__Problem details__.
The lines to copy run from the one containing "Walking route from" to the last line of the entries; output those lines exactly and only them, without pictures.

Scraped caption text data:
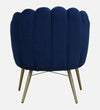 Elizabeth Premium Velvet Fabric Blue Colour Barrel Chair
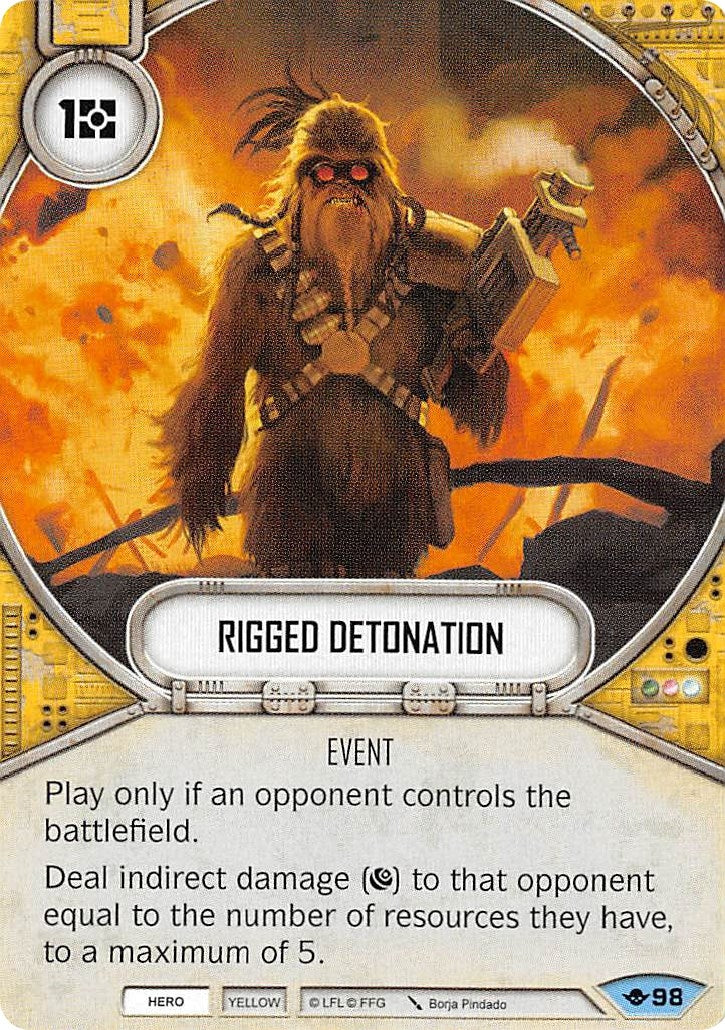 Image for Rigged Detonation (Way of the Force) (98) - Star Wars: Destiny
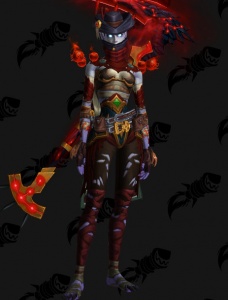 Red Leather Outfit - World of Warcraft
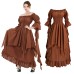 Halloween costume, medieval Renaissance retro dress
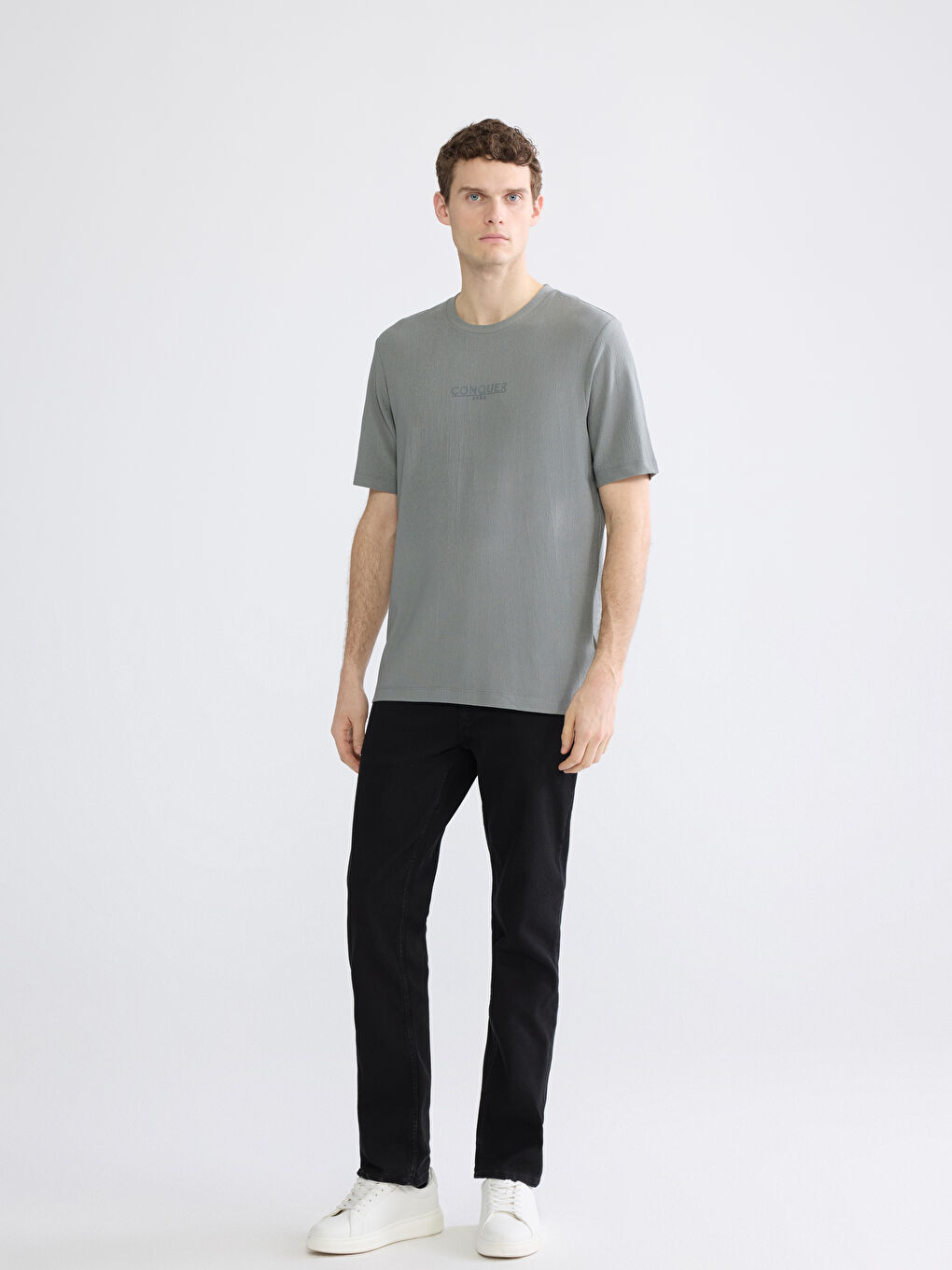 Crew Neck Printed Jersey Men's T-Shirt-1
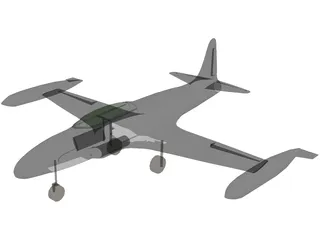 Lockheed T-33A Shooting Star 3D Model preview
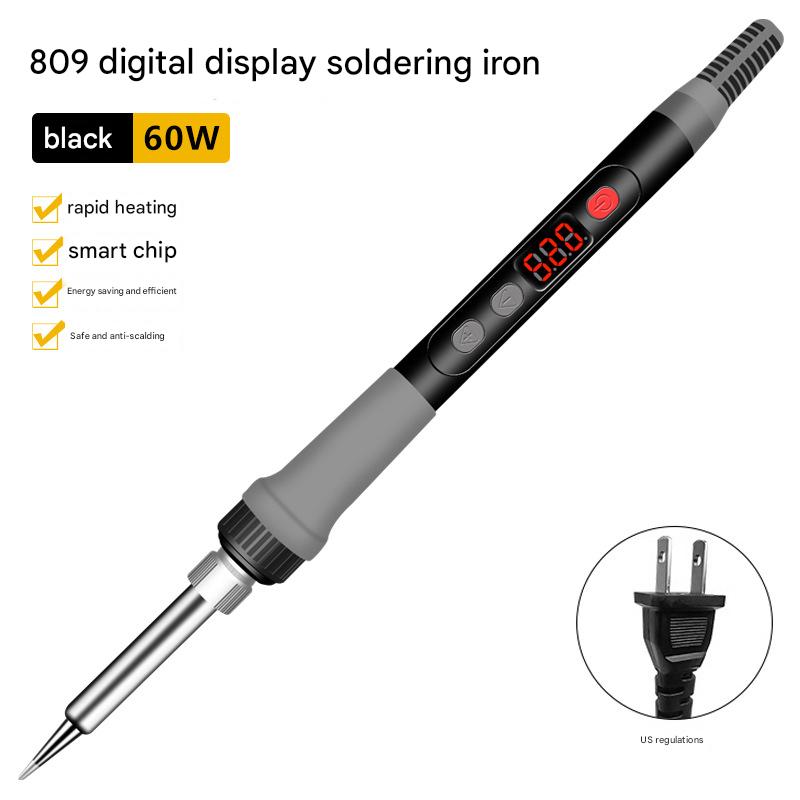 60W/809 digital display electric soldering iron American standard 110V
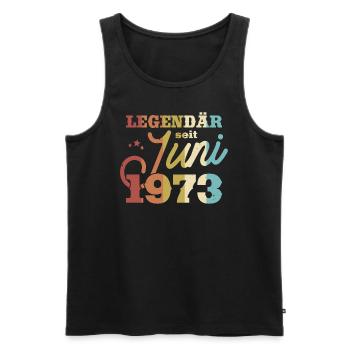 Nostalgie Geburtstag 1973 - Männer Premium Bio Tank Top - Schwarz - Vorne - Michal (187cm)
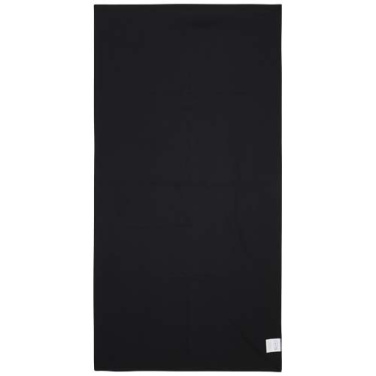 Althea sport towel 50x100 cm, Solid black, product image (2)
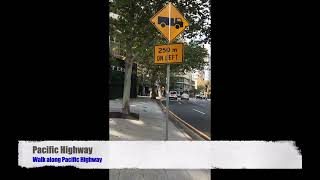 Walking route from St Leonards train Station to St Leonards Square Dental Care (approx 8 min)
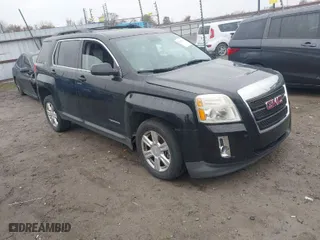 2014 GMC Terrain SLT with VIN 2GKFLSE39E6374609, listed as a IAAI auction lot 41015221 with 121,238 mi miles. Bid and sale history available at carsss.com. Image 1.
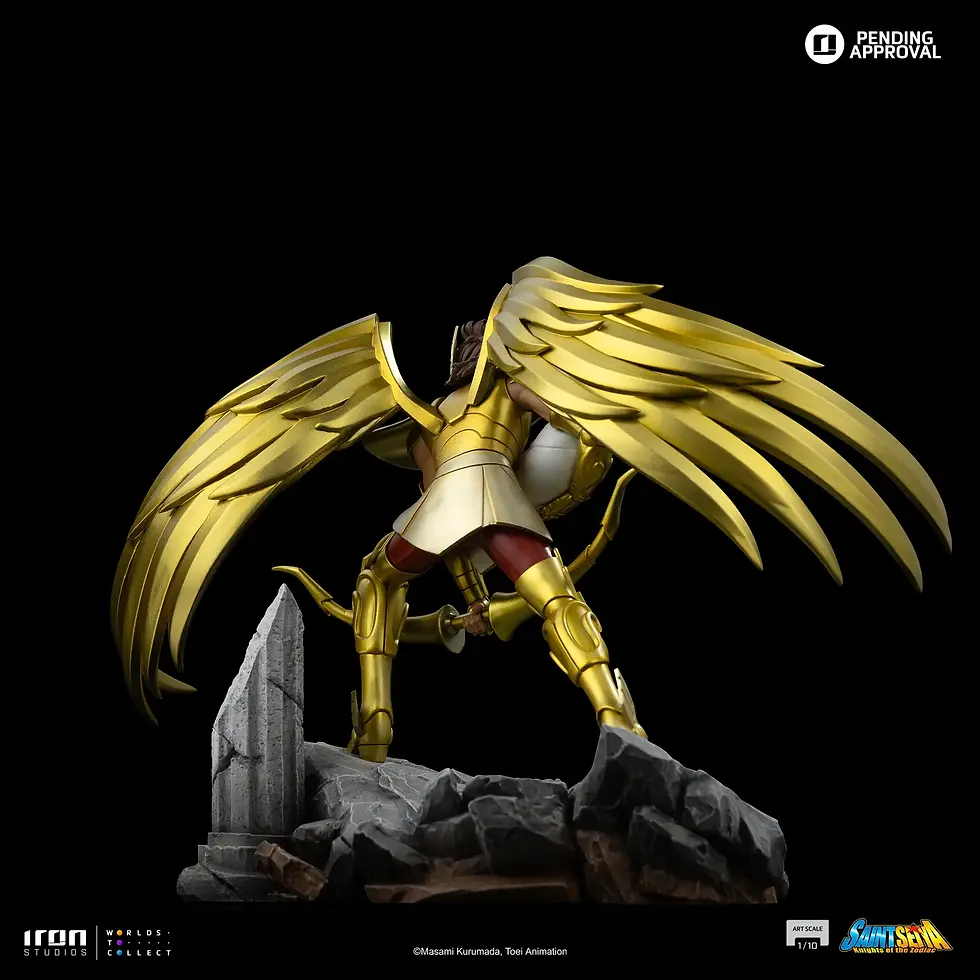 Miniatura: Sagittarius Aiolos - Saint Seiya - Art Scale 1/10 - Iron Studios - Abono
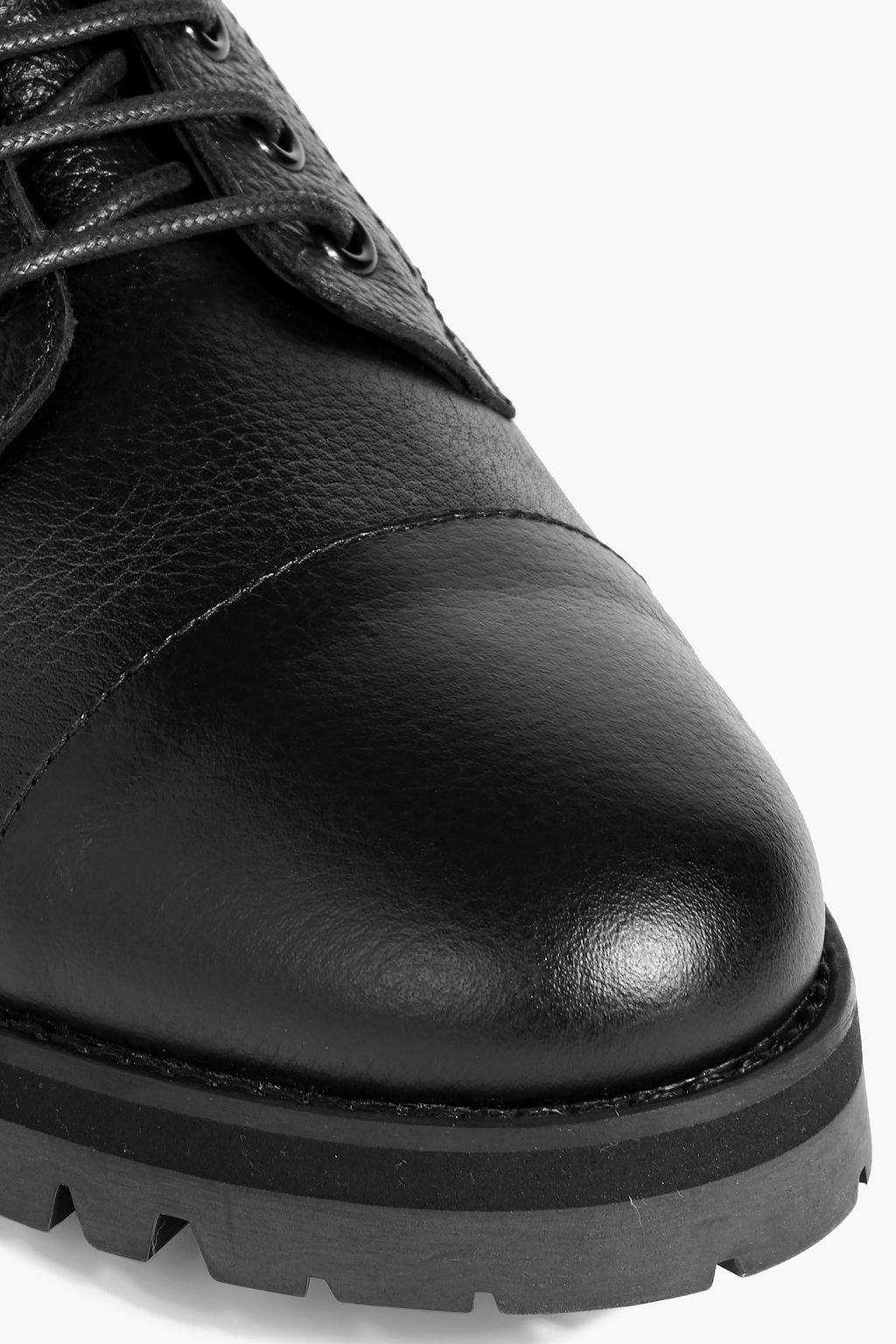 JIMMY CHOO Halden pebbled-leather combat boots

__Solution for this problem__.
 Walking route from St Leonards train Station to St Leonards Square Dental Care (approx 8 min)
 2014 GMC Terrain SLT with VIN 2GKFLSE39E6374609, listed as a IAAI auction lot 41015221 with 121,238 mi miles. Bid and sale history available at carsss.com. Image 1.
 Miniatura: Sagittarius Aiolos - Saint Seiya - Art Scale 1/10 - Iron Studios - Abono
 JIMMY CHOO Halden pebbled-leather combat boots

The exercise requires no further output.